Please retype the listing below word for word and exclude its images.

▸ Material provided:
>>>

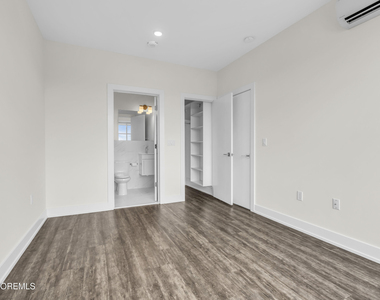 521 Lake Avenue - Photo Thumbnail 3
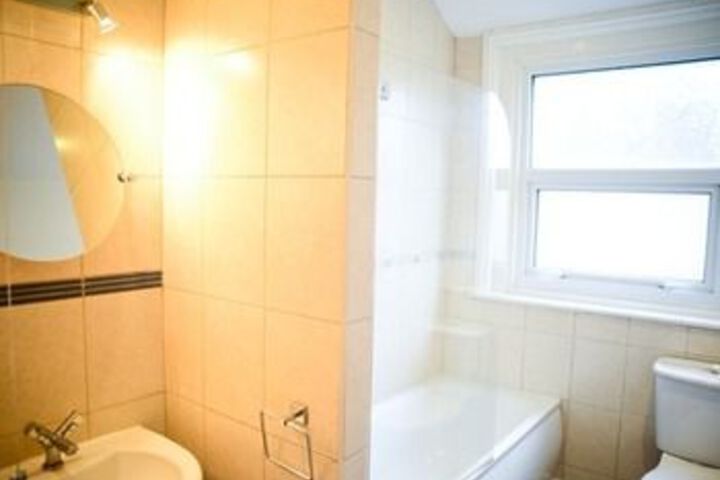 Room 2 of 8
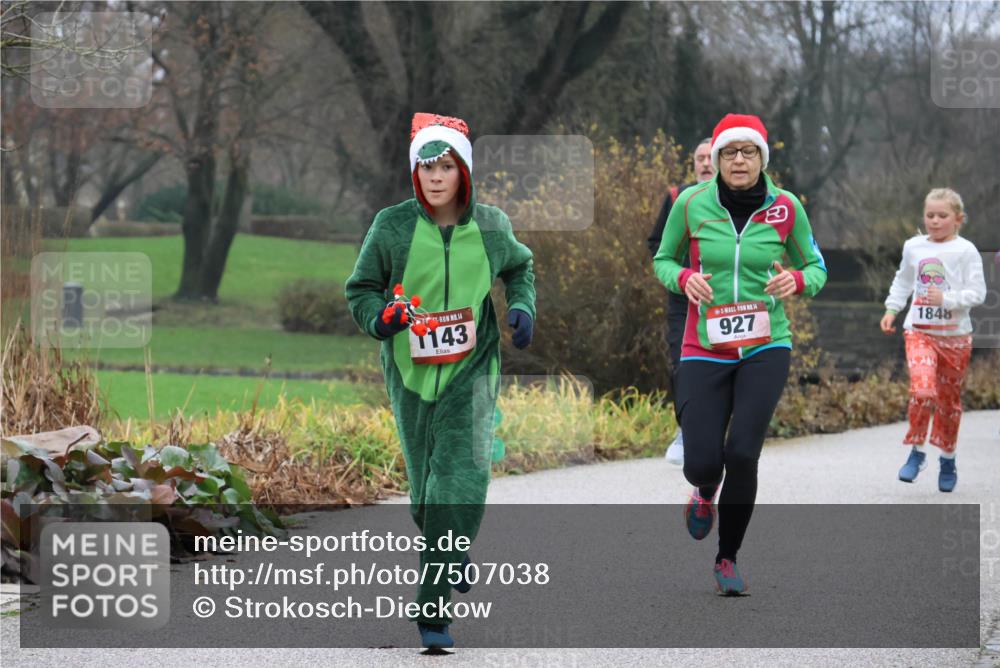 08.12.2024 - St. Pauli X-Mass-Run No. 14 Strokosch-Dieckow http://msf.ph/oto/7507038 08.12.2024 10:50:28 Laufen 14, 143, 14, 927, 1848 meine-sportfotos.de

<<<

▸ Written answer:
 521 Lake Avenue - Photo Thumbnail 3
 Room 2 of 8
 08.12.2024 - St. Pauli X-Mass-Run No. 14 Strokosch-Dieckow http://msf.ph/oto/7507038 08.12.2024 10:50:28 Laufen 14, 143, 14, 927, 1848 meine-sportfotos.de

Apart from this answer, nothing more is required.